When completed in 1890, Sutherland Dock was 635 feet long and 84 feet wide at the entrance. It was then said to be the biggest dry dock in the world (in terms of its width and depth of water over the sill) and was one of Australia's most significant engineering projects to that time. Subsequently, twice the dock was increased in size to meet the needs of ever bigger Australian naval vessels, reaching 690 feet (210 metres) in length in 1927, and a width of 27 metres. The dock was named after John Sutherland, the Minister for Works in the government of Sir Henry Parkes, and cost . A special feature of the design was the caisson (or "gate" of the dry dock) which was very heavy wrought iron, pulled by an endless chain horizontally on bronze rollers and it moved in a particularly effective fashion; it was steam powered but was converted to electricity in 1918. The dock was also fitted with electric lights to facilitate emergency work at night. A new pump house on the west of the island was built for the dock, and this was also used for Fitzroy Dock.

Sutherland Dock catered to the larger Royal Navy vessels, then, following the establishment of the Royal Australian Navy, it dealt with the bigger RAN ships, such as the battle cruiser, cruiser and other large classes. These sorts of RAN ships docked at Sutherland twice yearly for routine scraping and painting and other work. Much of this role transferred to Garden Island following the completion in 1945 of the bigger Captain Cook Graving Dock, but Sutherland still took large ships, and HMAS Melbourne docked at Sutherland after the tragic collisions with HMAS Voyager and USS Frank E. Evans. Many non-navy ships, e.g. merchant and some passenger vessels, also used Sutherland Dock.

== Description ==
Sutherland Dock is at Cockatoo Island in Sydney Harbour (Port Jackson).

Sutherland Dock is a dry or graving dock and is located on the south-western side of Cockatoo Island, where it is excavated into the island's sandstone. The dock is 210 metres long and the depth of water over the sill at high tide is 9.75 metres. The drive chain and mechanism for moving the caisson is still extant. There are steam travelling jib cranes at the dock.

The dock is a major feature of the island's built landscape and, contributing strongly to the island's maritime associations, it has considerable aesthetic value.

=== Condition ===

The 1997 Conservation Management Plan noted that the caisson and mechanism was still extant and had, at least until recently, been functional.

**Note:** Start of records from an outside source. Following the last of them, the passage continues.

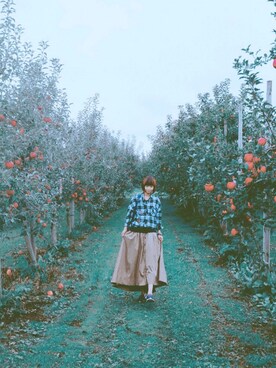 Blueさん（レディース・165cm）の秋コーディネート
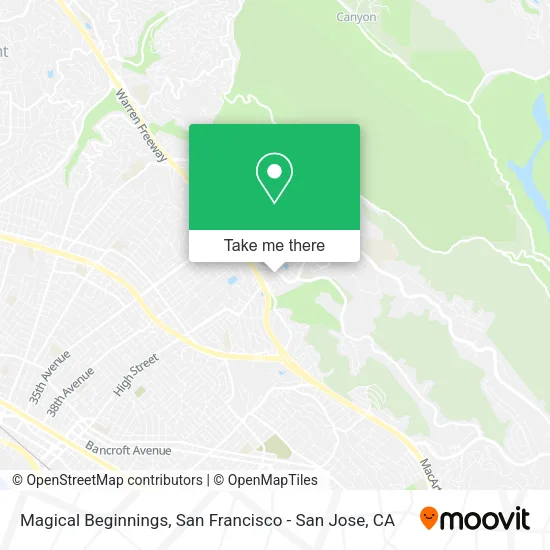Magical Beginnings map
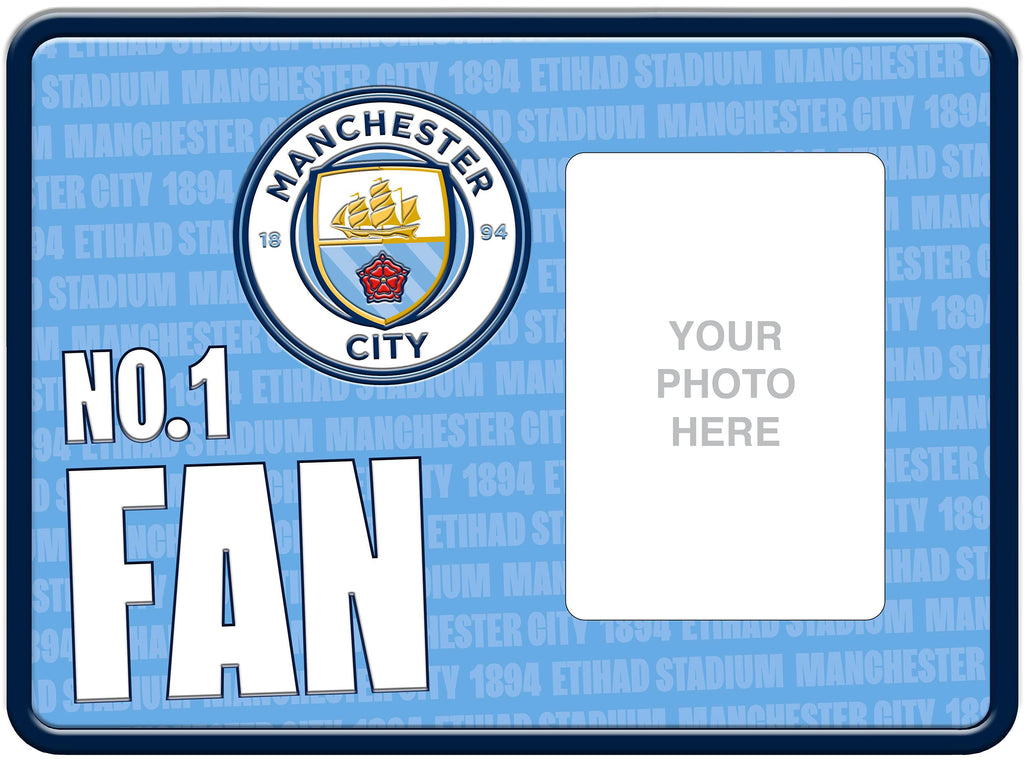 Official Manchester City Metal Embossed Photo Frame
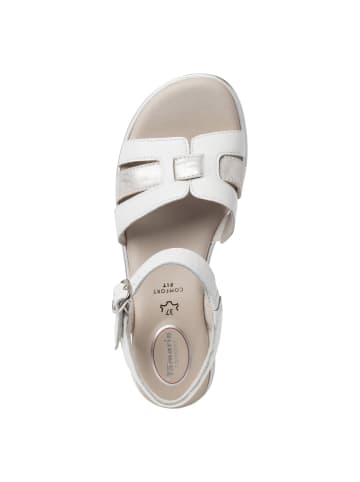 Tamaris COMFORT Sandale in WHITE/SILVER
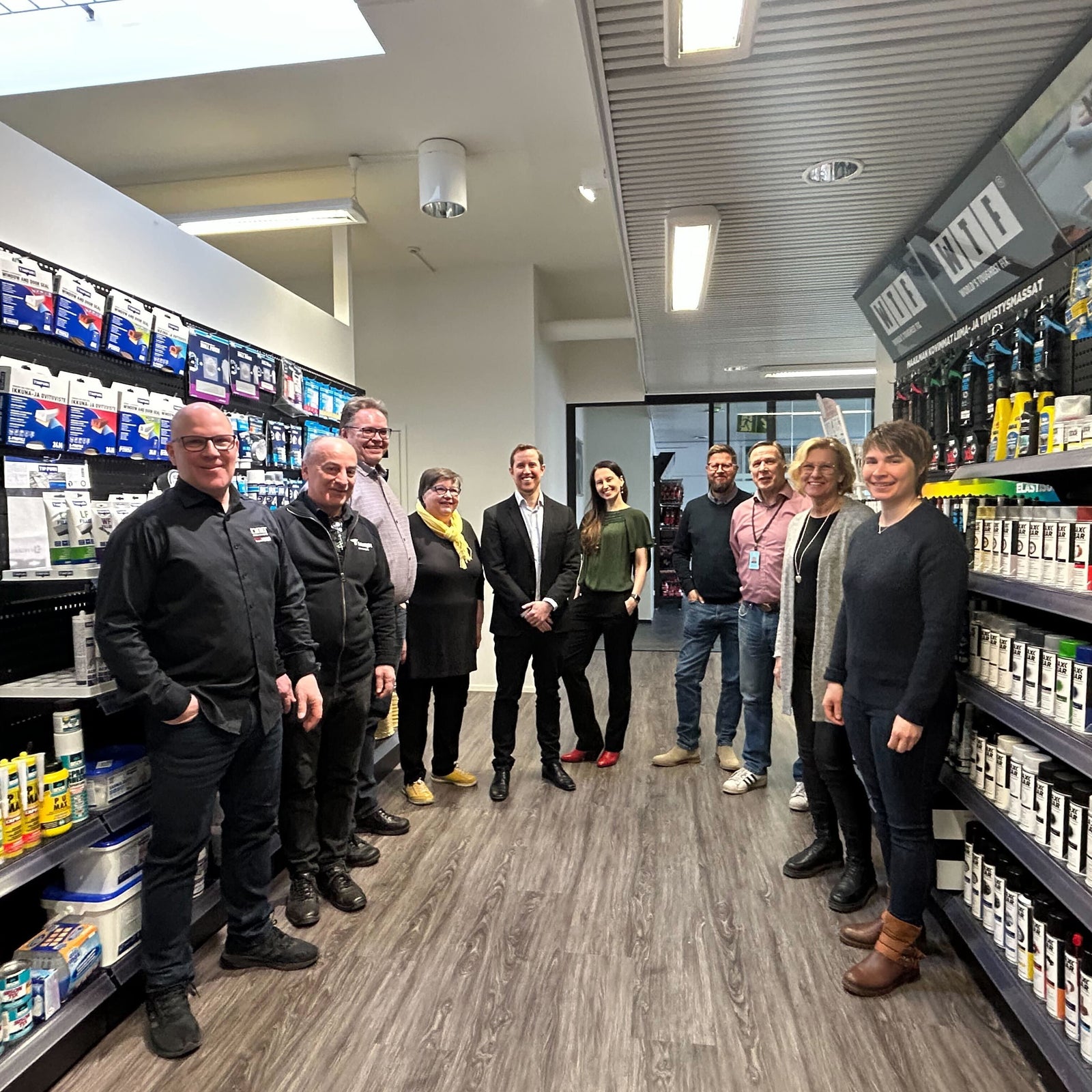 Hyvinkään Kaupunki ja Yrittäjät vierailulla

As at May 2001, Sutherland Dock was filled with water.

== Heritage listing ==
Sutherland Dock was listed on the Australian Commonwealth Heritage List on 22 June 2004 having satisfied the following criteria.

Criterion A: Processes

Sutherland Dock, completed in 1890, has a direct and lengthy association with NSW's maritime history, Australia's naval relationship with its allies, and Australia's naval development, particularly during the First and Second World Wars. It is one of the nation's most important former graving docks and has great historical significance.

Criterion B: Rarity

The enlargement of the dock over time reflects the development in warship construction, and shipbuilding more generally, during the early twentieth century.

Criterion D: Characteristic values

Sutherland Dock is important as an example of a nineteenth century harbour facility of this type.

Criterion E: Aesthetic characteristics

Sutherland Dock is a major element of Cockatoo Island's built landscape, a key foreshore element on the island, and, contributing strongly to the island's maritime associations and atmosphere, it has considerable aesthetic value.

Criterion F: Technical achievement

At the time of its opening, Sutherland was said to be the biggest dry dock in the world. It was one of Australia's greatest engineering projects (and remained the nation's largest dry dock until 1945), and therefore has considerable technological significance. It also reflects good design and construction qualities. Further, the original caisson and its distinctive mechanism are still extant.